There was an announcement late last week from the Governor’s office issuing an Executive Order lifting the Hours of Service limits on drivers delivering propane due to a shortage. The information released was not true. The press releases misunderstood the actually problem. The problem we are facing is a transportation issue, not a shortage of propane issue. Due to the high volume demand from the longer than expected cold snap, most propane terminals have put customers on allocation to make sure that all Wisconsin companies have steady access to propane. With allocations in place and some terminal areas running low, long lines can form at these terminals. A driver’s logged hours include the wait time to load. Under these circumstances, most drivers fill their log book waiting in line and not delivering propane. So the Executive Order lifts the hours mandate so drivers can deliver the propane after waiting in line. Lifting these restrictions also allows companies such as Crawford Oil and Propane to deliver extra hours at night and on the weekends. We delivered over the weekend last weekend and we will probably do so this weekend in order to stay on top of all our orders and take care of our customers.

I have also included a link below to an article from the Wisconsin Propane Gas Association retracting the information in regards to a “shortage”.

http://wxpr.org/post/no-shortage-propane-driver-shortage-led-walker-order#stream/0

We have received many phones calls about a potential shortage. The media coverage on the issue has also spurred additional “panic buying”. I wanted to make sure you all knew that the current situation is transportation and logistically due to high demand, and not a shortage of propane coming to Wisconsin. Please keep this in mind as you order. Our crew is extremely busy and working overtime to meet the demand of this cold snap and panic buying based on news of a false shortage. We are meeting all demands of our customers at this time and see no issue with access to product. We expect to be all caught up by the end of the weekend.
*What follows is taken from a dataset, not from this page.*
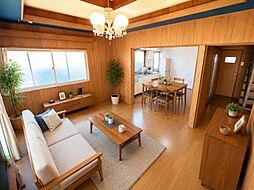 岸和田市　箕土路町1丁目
Once again, thank you for your business and if you have any questions, comments, or concerns, please feel free to give us a call.

Best regards,

Jon Crawford – Pres.
Crawford Oil and Propane

Happy New Year!

Good morning,

I just wanted to take a quick moment and thank everyone again for their business in 2017. The year had a lot of up’s and down’s, but overall turned out pretty well with all things considered. I am optimistic looking into 2018 and feel prepared to take on the potential challenges. I wish you all a safe and happy New Year celebration, and I look forward to servicing and helping our customers achieve a successful 2018!

Best regards,

Jon Crawford – Pres.
Crawford Oil and Propane

The Grinch Who Stole Christmas Gas Prices

Merry Christmas everyone!

Geopolitical news has been very quiet going into the end of the year. Crude prices rallied a little with the shutdown of the Forties Pipeline in England that carries 400k barrel/day. The tax cut bill from Congress really ate up the news cycle of this week. But as predicted last week, retail prices were falling and stabilizing to the lowest of the last 2 months. We were seeing lower prices coming for Christmas which always makes for better holidays. In fact, historically prices usually fall before Christmas.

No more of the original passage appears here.